*What to do*
Where in the material does the word "Nike" appear? Copy each line that has it.

*Dataset records*
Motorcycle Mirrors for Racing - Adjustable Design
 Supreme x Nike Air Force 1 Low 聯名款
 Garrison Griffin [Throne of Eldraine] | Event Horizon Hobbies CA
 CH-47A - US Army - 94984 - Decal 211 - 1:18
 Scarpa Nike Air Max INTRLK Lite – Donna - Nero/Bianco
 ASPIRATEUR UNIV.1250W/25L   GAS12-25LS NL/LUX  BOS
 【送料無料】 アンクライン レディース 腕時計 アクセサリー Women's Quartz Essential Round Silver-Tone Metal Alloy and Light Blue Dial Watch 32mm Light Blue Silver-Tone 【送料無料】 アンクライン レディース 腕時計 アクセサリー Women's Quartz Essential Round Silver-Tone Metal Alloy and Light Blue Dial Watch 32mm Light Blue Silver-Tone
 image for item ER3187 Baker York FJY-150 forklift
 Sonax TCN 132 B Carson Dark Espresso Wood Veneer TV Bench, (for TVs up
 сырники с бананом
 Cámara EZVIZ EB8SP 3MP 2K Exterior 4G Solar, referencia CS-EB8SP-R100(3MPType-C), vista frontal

*Written reply*
 Supreme x Nike Air Force 1 Low 聯名款
 Scarpa Nike Air Max INTRLK Lite – Donna - Nero/Bianco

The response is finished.